- _DATA PROVIDED_:
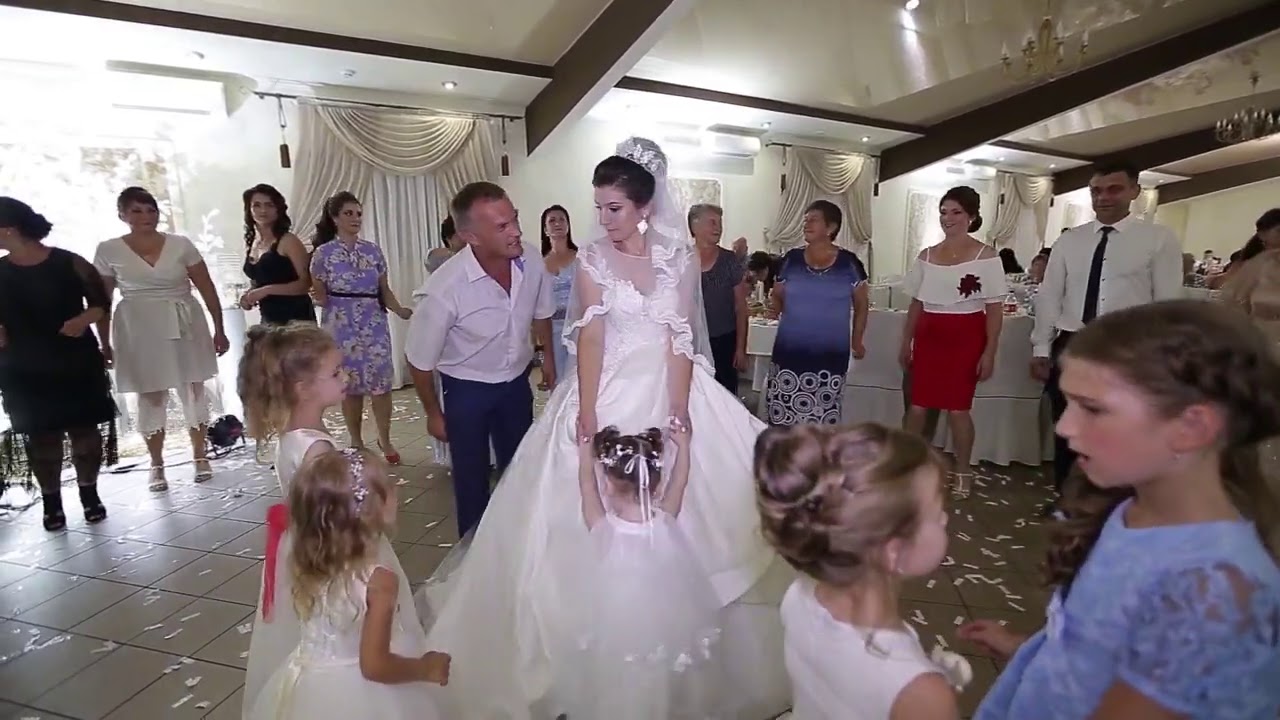 КОШЕЛЯ -VIDEO Михайло+Вірка  веселі танці гурт Селиські гудаки
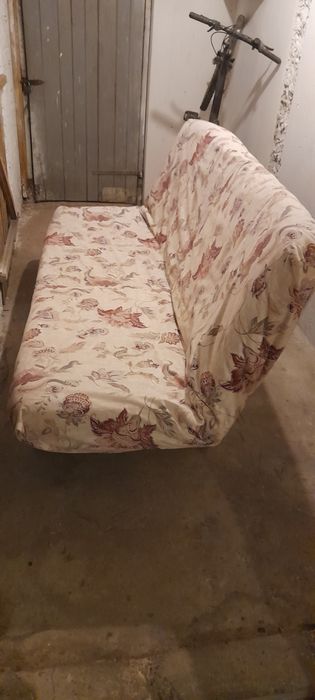 Sprzedam kanapę rozklad ą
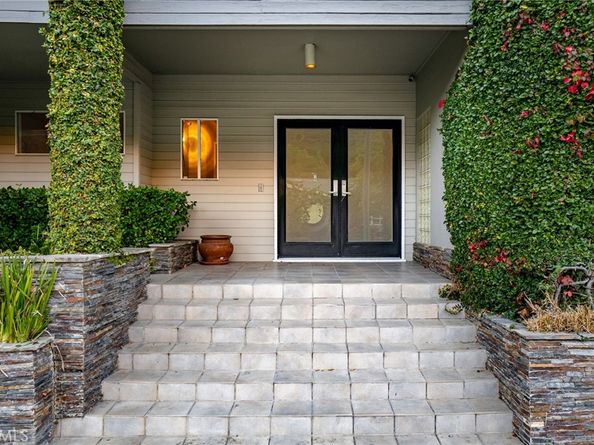 1833 Roscomare Road, Los Angeles CA 90077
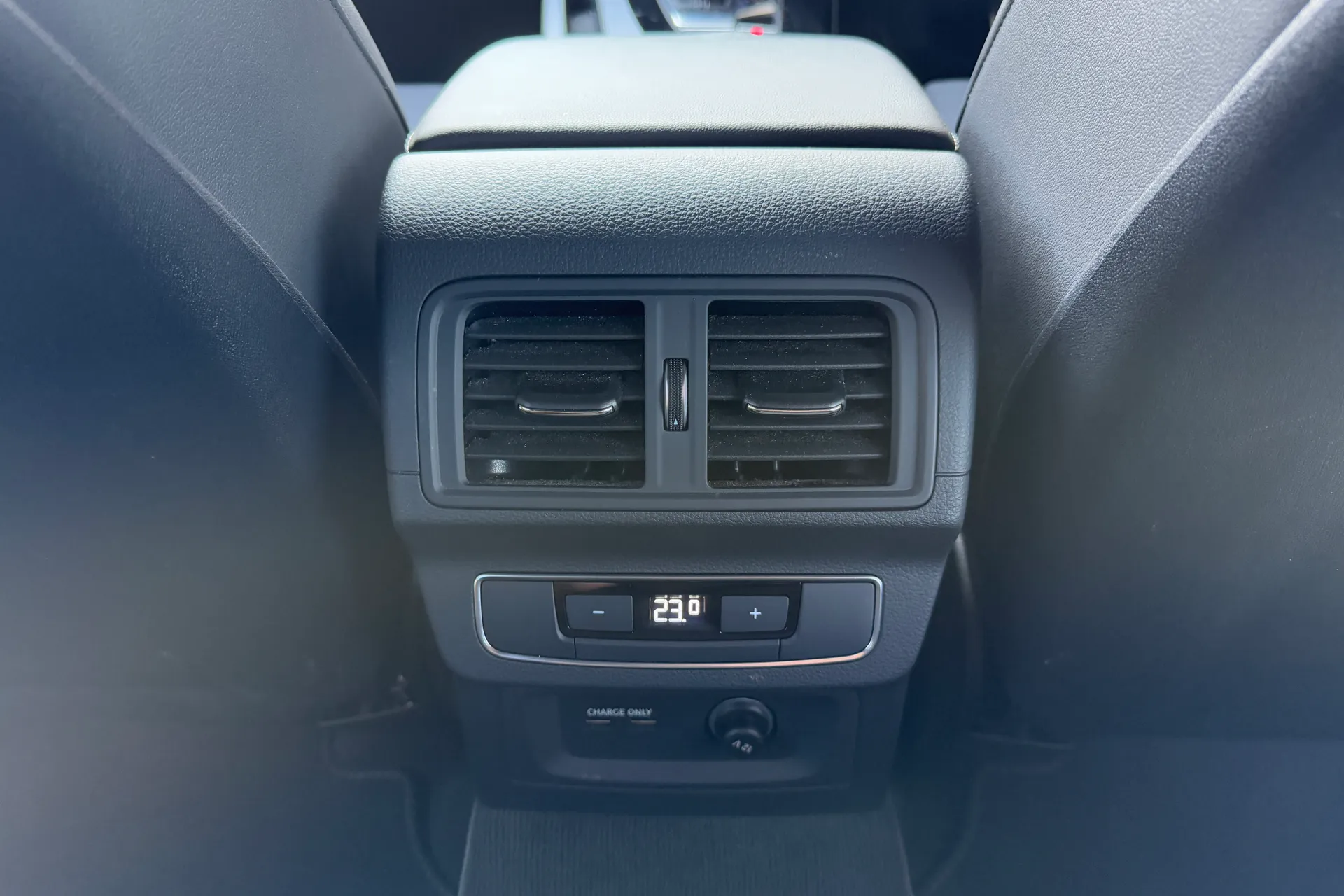 Audi Q5 thumbnail image number 47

- _TO DO_:
Exclude every picture, then reproduce the remaining data character for character.

- _YOUR SOLUTION_:
 КОШЕЛЯ -VIDEO Михайло+Вірка  веселі танці гурт Селиські гудаки
 Sprzedam kanapę rozklad ą
 1833 Roscomare Road, Los Angeles CA 90077
 Audi Q5 thumbnail image number 47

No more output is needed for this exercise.